[Image-text web data]
________________________

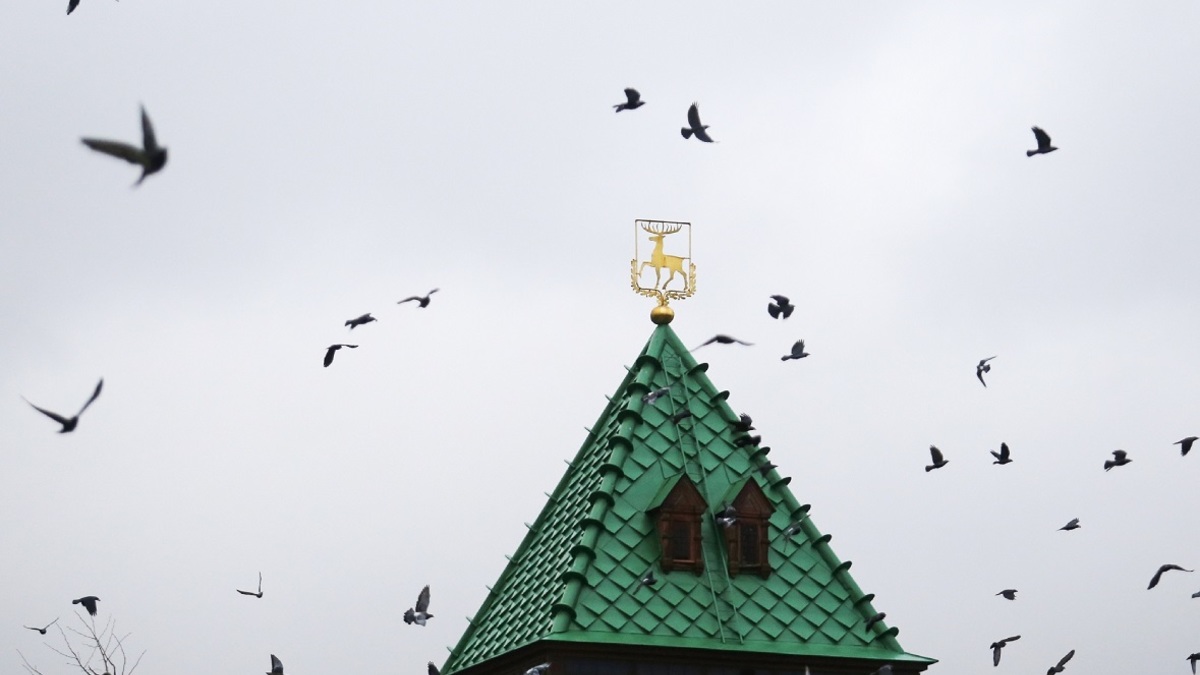 Фото: Анастасия Макарычева/РБК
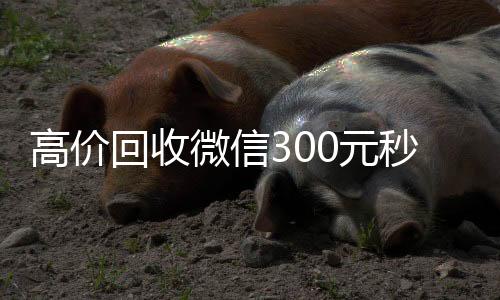 高价回收微信3024小时收vx秒结0元秒结（高价24小时回收微信）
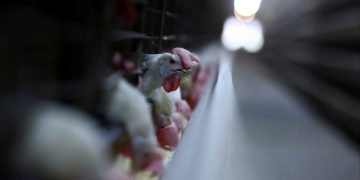 China suspends chicken imports from Brazil due to detection of bird flu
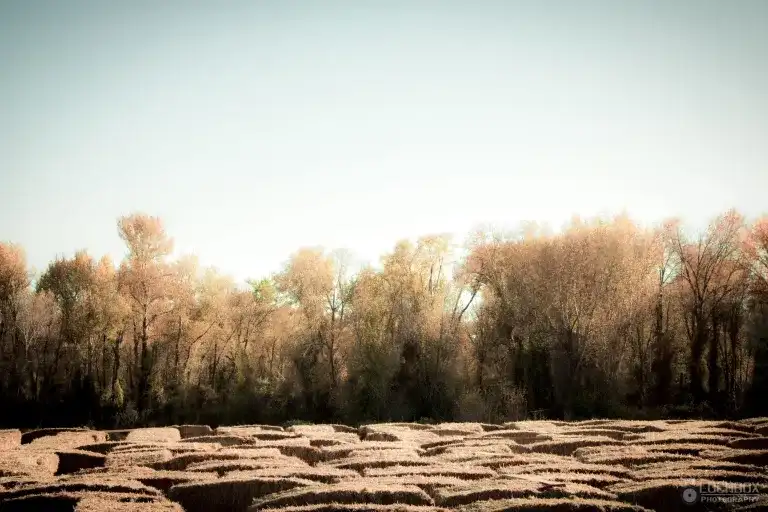 rexburgs-original-straw-maze-2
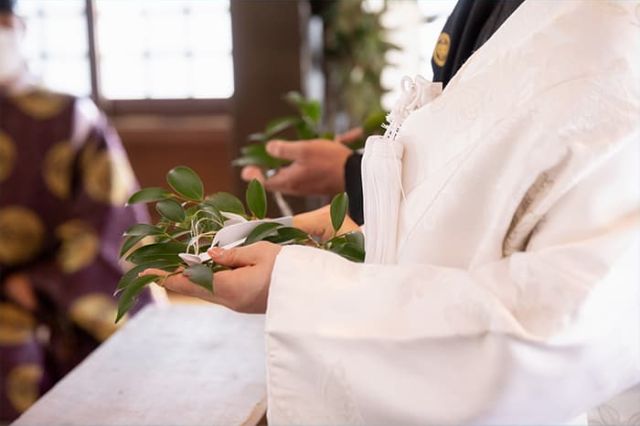 実例レポートNo.17-17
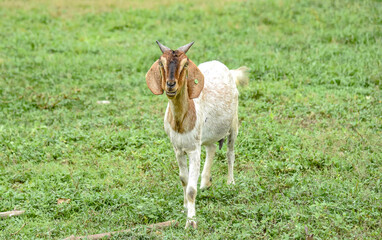 The caged goat was grazing on the young grass in the cage.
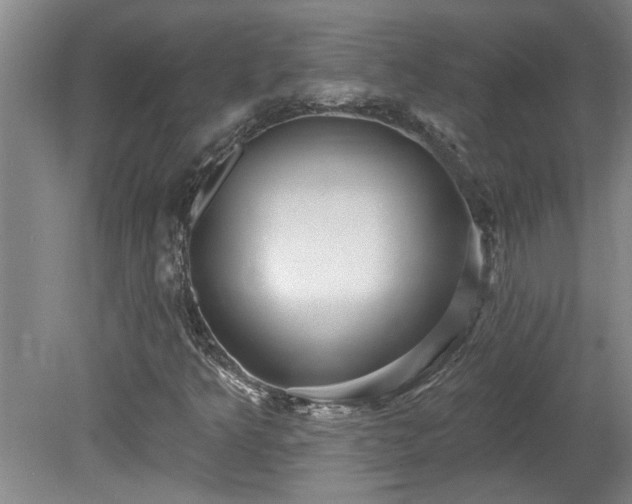 X0000078871349200611131206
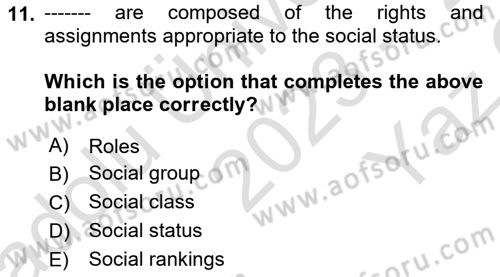 Introduction to Sociology Dersi 2023 - 2024 Yılı Yaz Okulu Sınav Soruları 11. Soru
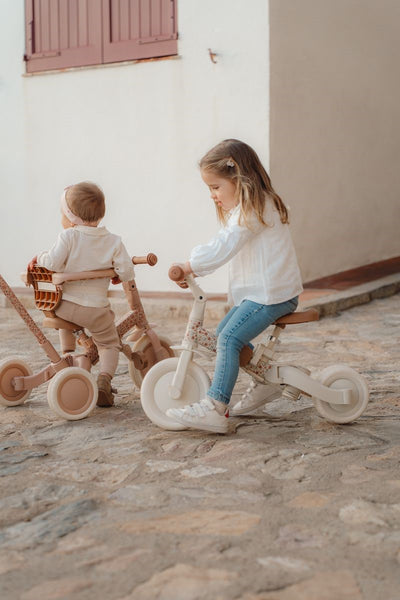 Triciclo Evolutivo (Varios colores) - Little Dutch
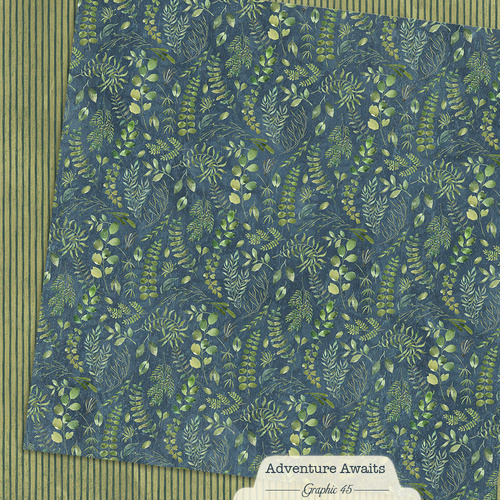 Graphic 45 - Adventure Awaits - Floral Fern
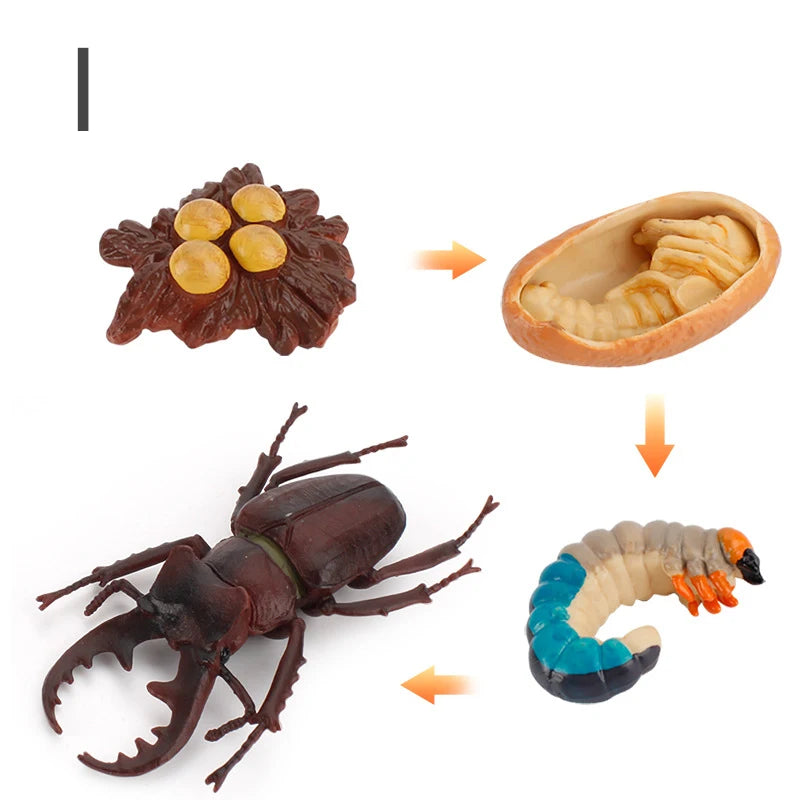 Life Cycle Animal & Plant Montessori Toy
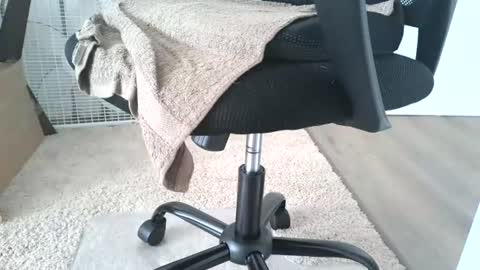 dapppper online show from 06-13-26, 12:14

________________________

▶ **What is expected**: A word-for-word repeat is expected of the lines from the one with "Graphic 45 - Adventure Awaits - Floral Fern" to the end of the data, both included; pictures are not part of it.

▶ **Task answer**:
 Graphic 45 - Adventure Awaits - Floral Fern
 Life Cycle Animal & Plant Montessori Toy
 dapppper online show from 06-13-26, 12:14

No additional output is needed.